Thursday, February 4, 2010

Meal Planning Epiphany

One of my goals since the first of the year has been to plan meals for the week over the weekend and shop accordingly. I have this extra large sticky memo pad with a weekly calendar on it that I write my planned meals on and stick it on the fridge. Hi tech.

Last weekend I didn't plan out my meals. It's not the first time I haven't done this when I said I would. But it is the first time this year with my rekindled enthusiasm and focus and time back in the gym working with Trainer Ray and Hubby.

At the beginning of the week I felt the usual self pity and self hatred and annoyance for not planning. I managed to eat my typical lunches and did OK on dinners. .  but I threw in a few random and a tad over-the-top snacks (like I'd make a smoothie--an ok snack--but I'd toss in just a bit of coconut and just a few peanuts and a healthy, unmeasured pour of chocolate malt--to turn it into a not OK snack.)

Then yesterday--Wednesday--it finally hit me. Moving through the week without a meal plan is like me trying to find my way around without my GPS. You may not know this about me, but I am hopeless when it comes to having a natural sense of direction. I just get more and more lost and more and more panicked. I recently got lost--with my GPS on. I knew it was taking me the wrong way because I was heading away from town. But I also knew that eventually it would correct itself and turn me around. I called into work saying I was running late from my appointment. And I said to a colleague, "Do you know the difference between me getting lost with a GPS versus me getting lost without a GPS?"

"What?" she said.

And I said, "With a GPS, I'm not crying."

And so it goes with a meal plan, my map for the week. I feel uncomfortable many times with my size and my eating desires and habits. I feel this discomfort sometimes even when I am trying very hard to eat the healthy way. But a meal plan puts me on track. It's the difference between whirling around corners anchored to the rails of a roller coaster and whirling around the corner in an out-of-control car. In both cases, you might have the same physical reaction--a quick sense of heat, the rise of hair on your arms and neck, an involuntary squeal--but in one instance you feel out of control and in danger, unsure of what will happen next--and fast. And in the other case, you are safely tethered; you know you will follow the rails around the next corner and up and down the upcoming hills, feeling your stomach lurch and the angst rise--and just when you feel afraid, you remind yourself that you're on a track, so you can just relax through the sensations and thrill and experience the ride.

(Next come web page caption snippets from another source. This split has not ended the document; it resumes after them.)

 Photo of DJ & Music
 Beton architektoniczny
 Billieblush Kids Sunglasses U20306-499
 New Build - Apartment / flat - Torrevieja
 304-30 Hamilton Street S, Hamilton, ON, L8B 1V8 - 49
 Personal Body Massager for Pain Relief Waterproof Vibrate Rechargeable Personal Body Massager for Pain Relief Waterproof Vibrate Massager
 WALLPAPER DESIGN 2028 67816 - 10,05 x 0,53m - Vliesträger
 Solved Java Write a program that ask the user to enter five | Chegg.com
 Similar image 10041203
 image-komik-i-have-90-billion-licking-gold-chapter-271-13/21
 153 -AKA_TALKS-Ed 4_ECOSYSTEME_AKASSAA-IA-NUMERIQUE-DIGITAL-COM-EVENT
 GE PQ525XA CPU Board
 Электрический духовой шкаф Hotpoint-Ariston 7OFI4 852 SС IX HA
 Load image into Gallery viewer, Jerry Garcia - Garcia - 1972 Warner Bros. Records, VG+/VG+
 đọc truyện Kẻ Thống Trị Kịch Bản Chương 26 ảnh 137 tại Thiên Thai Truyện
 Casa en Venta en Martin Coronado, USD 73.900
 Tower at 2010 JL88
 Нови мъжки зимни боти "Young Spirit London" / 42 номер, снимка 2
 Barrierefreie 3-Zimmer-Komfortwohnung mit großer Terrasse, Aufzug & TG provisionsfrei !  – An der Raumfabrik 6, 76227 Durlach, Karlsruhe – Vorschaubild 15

And that is how my meal plan works for me. When I feel out of control or angst ridden, unsure of myself, I can look to my meal plan--the steady path that will lead me to a calm end of the week. So I can exit it delighted, sure footed, and anxious to race to the beginning all over again.

Creating my meal plan isn't a chore, it's a gift, functioning like a safety net, a set of dance steps on the ground, a sheet of music, allowing me to progress gracefully without too many misteps or dischords until I am skilled enough to solo, and finally to improvise.


  1. The GPS is a godsend for those of us who are directionally challenged. And they're worth their weight in gold when you're traveling.

    I'm with you; planning is a big part of my success story. I've packed my car and office with healthy snacks and emergency meals, and work hard to keep myself out of situations where I know I'll fail miserably.

    Sometimes real change comes slowly. Stick with it!

  2. I was going to say "what an epiphany", then I realized that was very similar to your title. This is a great way of looking at it.

    Oh, and for the record, I couldn't find my way out of my house without a GPS. They are a real godsend for me.

  3. I love the analogy to a GPS. I'm actually like a homing pigeon when it comes to having a God-given sense of direction. But not so with the food. Like you, if I do some prep over the weekends, I then have a roadmap for the week, esp. for bringing my lunches to work each day.

    Without a plan, I'm on a collision course with self will and unexpected emotionally triggered food moments. Thanks for reminding me of this.

  4. I am hopeless with my internal sense of direction too. Ron laughs at me all the time. I so easily get turned around.

    Planning is very important to me as well. I can't succeed without it. I have to have everything mapped out or I tend to go off plan more than I want to.

  5. Meal plans are huge! They eliminate so much thinking I would have to do each day about what to eat.